* [Exercise] Once the line containing "SALE % - Jeans" is found, please copy it and all lines after it through the end of the records, exactly, leaving out pictures.

Source records below:

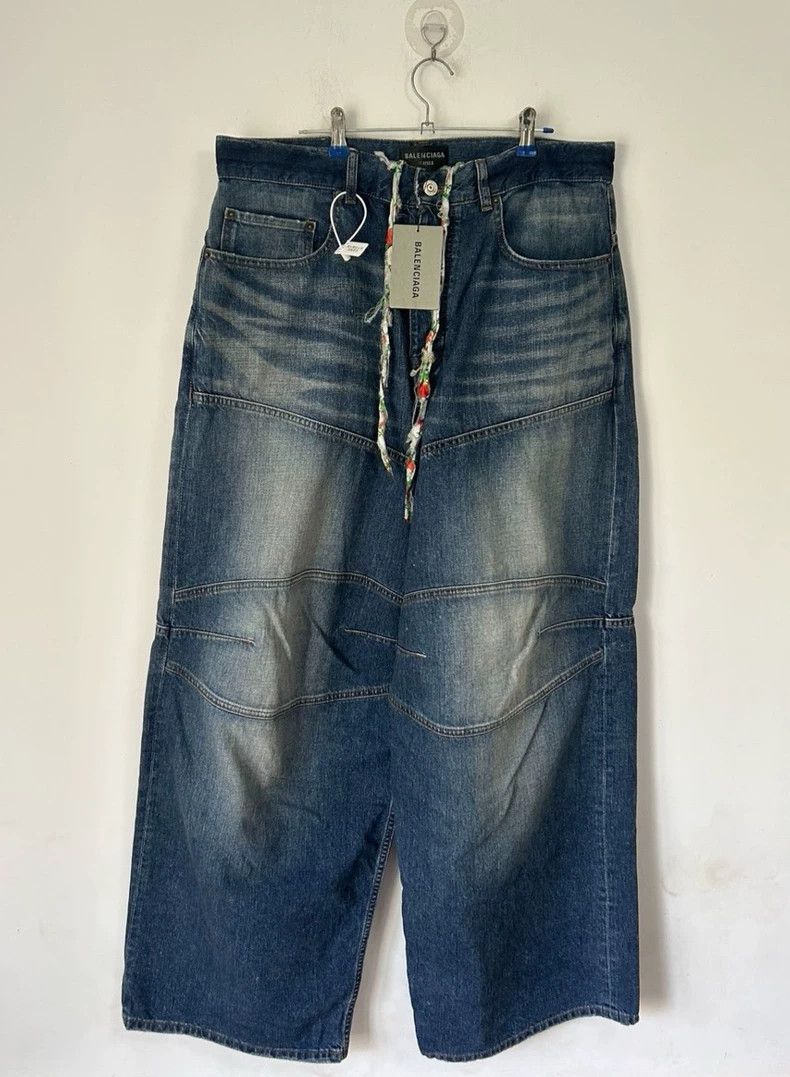 Balenciaga Balenciaga size XS 5 waist drawstring strap vintage blue w Size US 27 - 1 Thumbnail
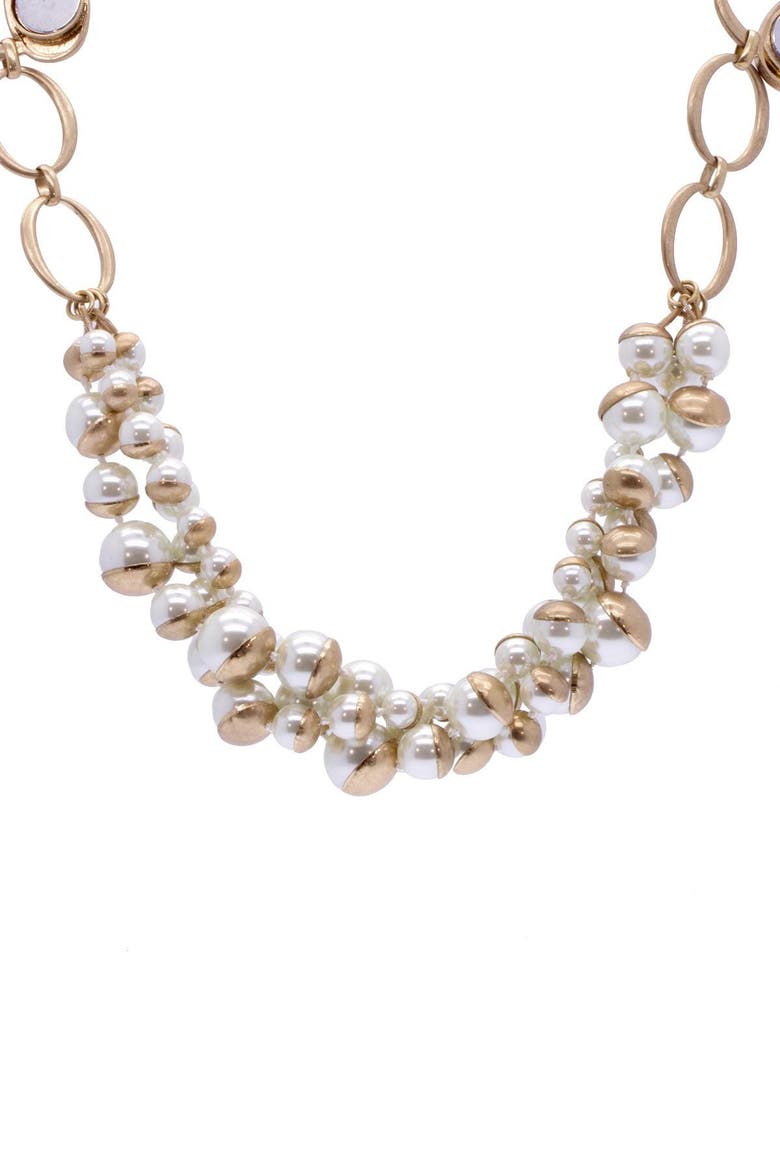 Half Moon Imitation Pearl Cluster Statement Necklace, Alternate, color, IVORY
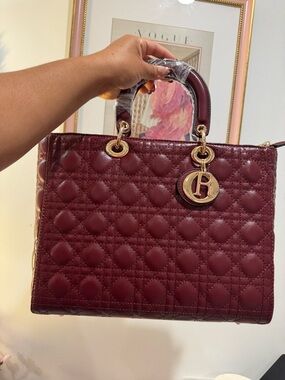 Classic Quilted Leather Tote Bag in Burgundy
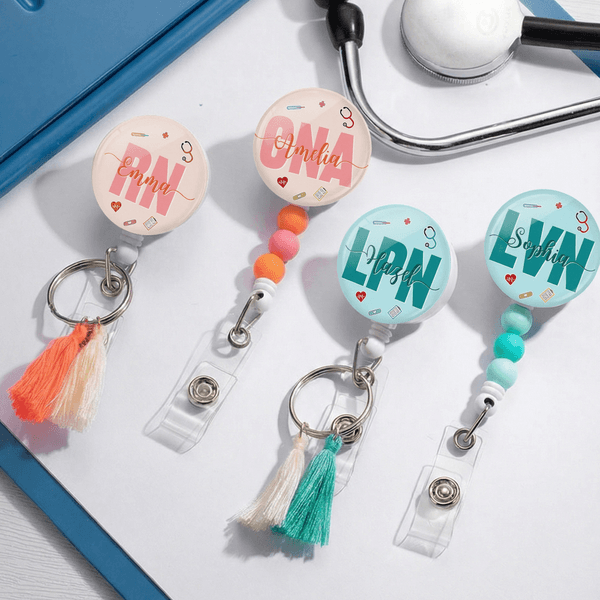 Personalised Multicolor Tassel Bead Retractable Nurse Badge Reel with Name Clinic Use Nurse Week Birthday Gift for Nurse Doctor Medical Staff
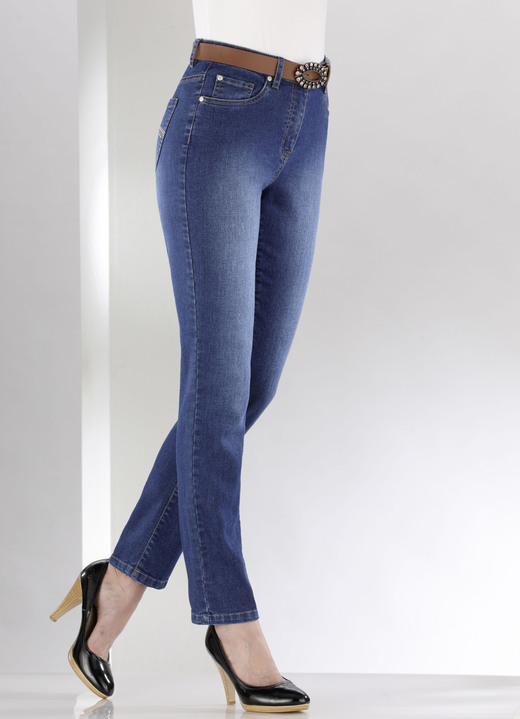 SALE % - Jeans mit schönen Stickereien und funkelnden Strassteinen, in Größe 017 bis 052, in Farbe JEANSBLAU Ansicht 3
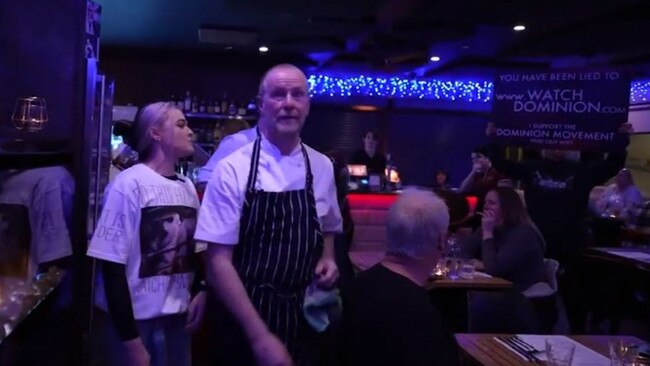 Ms Peterson has also staged a protest inside the restaurant. Picture: 9 News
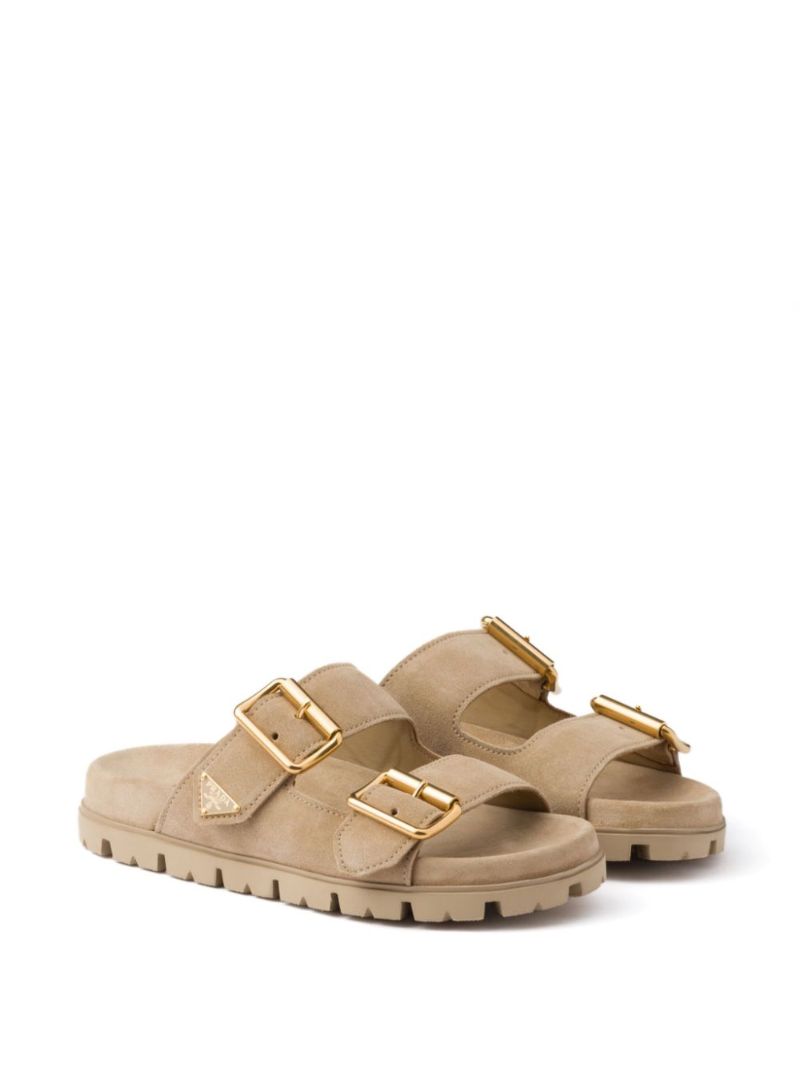 Neutral Triangle Logo Suede Slides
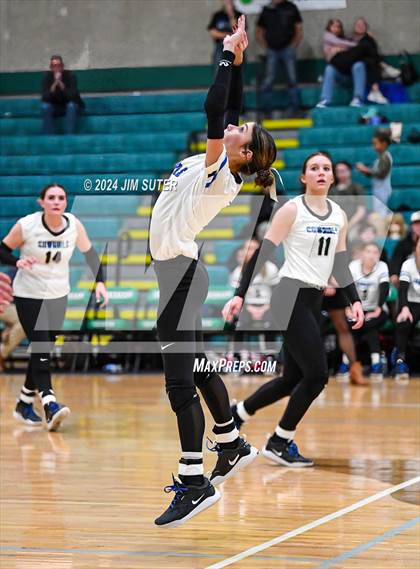 Thumbnail 3 in McMullen County vs Richards (UIL Volleyball 1A Region III Semifinal) photogallery.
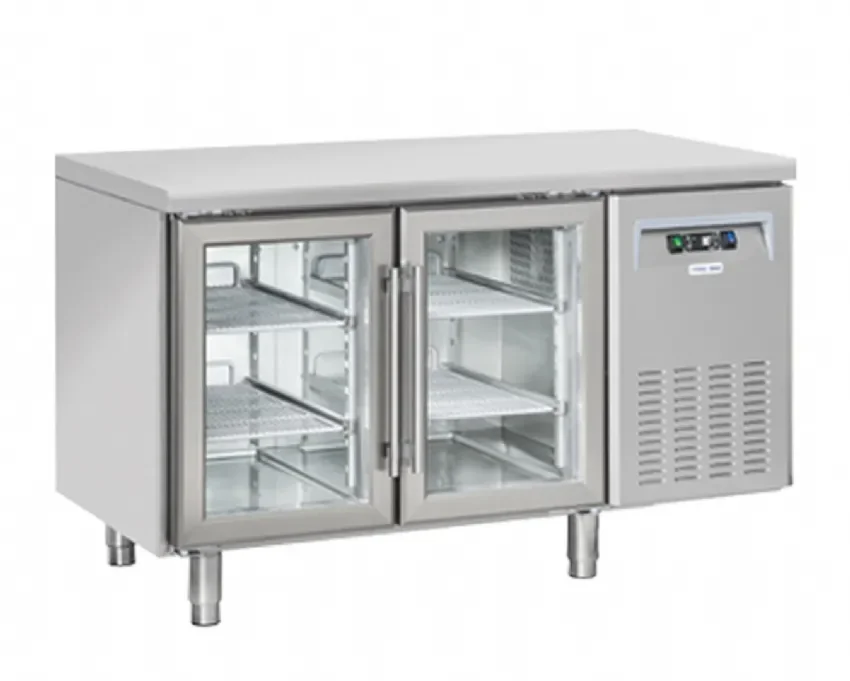 Meilleur Prix Table réfrigérée positive 2 portes vitrées gn1/1 inox 260l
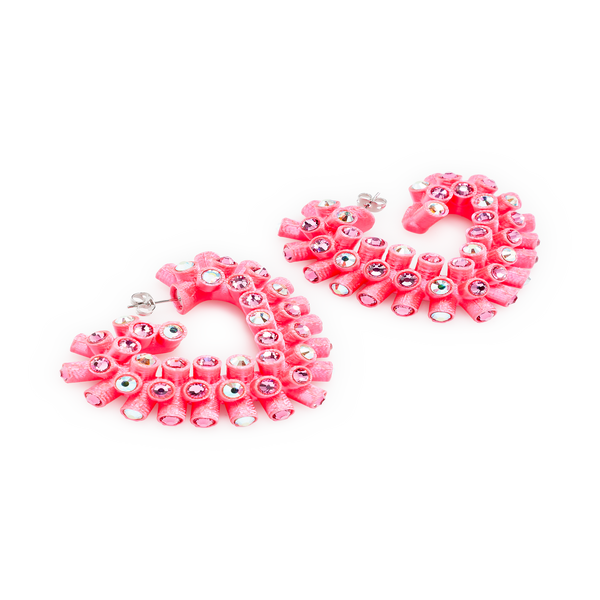 Roussey Heart-shaped Earrings In Pink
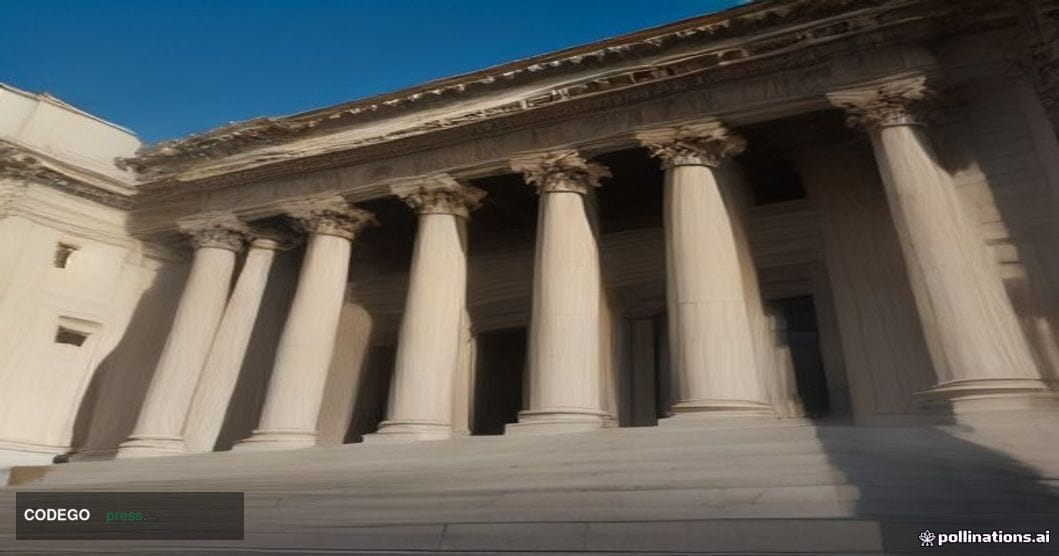 A cinematic editorial photograph shot from a low angle looking up at the grand neoclassical stone facade of a California stat
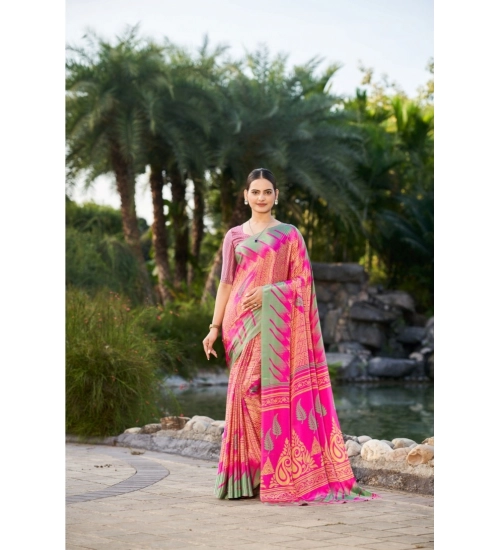 Generic Women's Crepe Printed Saree With Unstitched Blouse (Pink, 5-5 Mtrs)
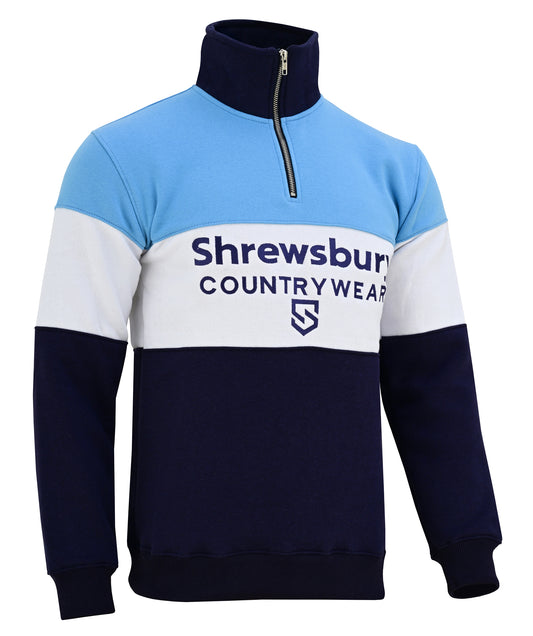 Bedstone Womens Quater Zip Sweatshirt Baby Blue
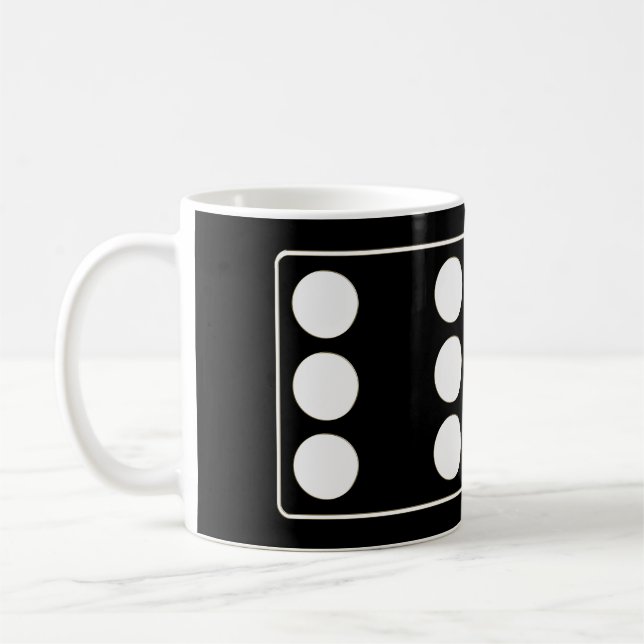 DICE numbers of pips white 6 & 5 + your ideas Coffee Mug (Left)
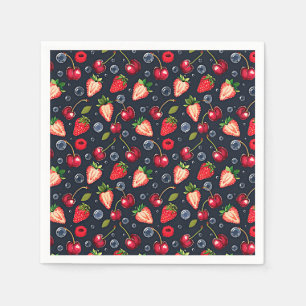 Serviette En Papier Fraises et cerises sur un arrière - plan sombre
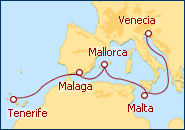 Ver el itinerario del Crucero ESpa�a, Malta, Italia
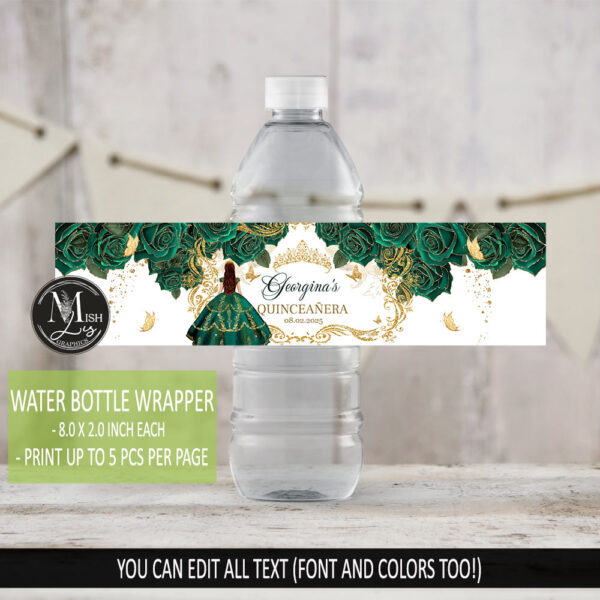 Emerald Green Quinceañera Labels with Floral Design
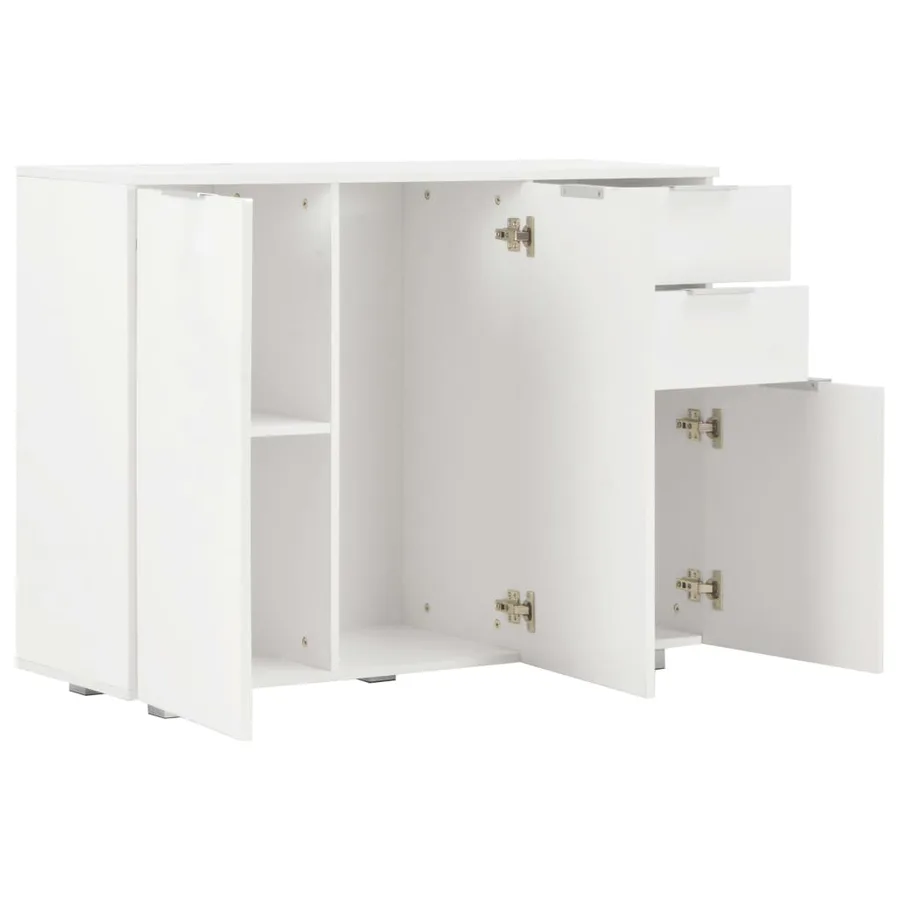 Buffet Blanc brillant 107x35x80,5 cm - 4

End of Source records.

* [Finished task]
 SALE % - Jeans mit schönen Stickereien und funkelnden Strassteinen, in Größe 017 bis 052, in Farbe JEANSBLAU Ansicht 3
 Ms Peterson has also staged a protest inside the restaurant. Picture: 9 News
 Neutral Triangle Logo Suede Slides
 Thumbnail 3 in McMullen County vs Richards (UIL Volleyball 1A Region III Semifinal) photogallery.
 Meilleur Prix Table réfrigérée positive 2 portes vitrées gn1/1 inox 260l
 Roussey Heart-shaped Earrings In Pink
 A cinematic editorial photograph shot from a low angle looking up at the grand neoclassical stone facade of a California stat
 Generic Women's Crepe Printed Saree With Unstitched Blouse (Pink, 5-5 Mtrs)
 Bedstone Womens Quater Zip Sweatshirt Baby Blue
 DICE numbers of pips white 6 & 5 + your ideas Coffee Mug (Left)
 Serviette En Papier Fraises et cerises sur un arrière - plan sombre
 Ver el itinerario del Crucero ESpa�a, Malta, Italia
 Emerald Green Quinceañera Labels with Floral Design
 Buffet Blanc brillant 107x35x80,5 cm - 4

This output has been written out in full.